Copy out the entire listing, keeping each line exactly as it is.
(Data Opens)
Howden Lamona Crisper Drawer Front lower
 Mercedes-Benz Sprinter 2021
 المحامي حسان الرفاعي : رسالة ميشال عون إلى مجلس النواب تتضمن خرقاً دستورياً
(Data Closes)
Output of the task:
Howden Lamona Crisper Drawer Front lower
 Mercedes-Benz Sprinter 2021
 المحامي حسان الرفاعي : رسالة ميشال عون إلى مجلس النواب تتضمن خرقاً دستورياً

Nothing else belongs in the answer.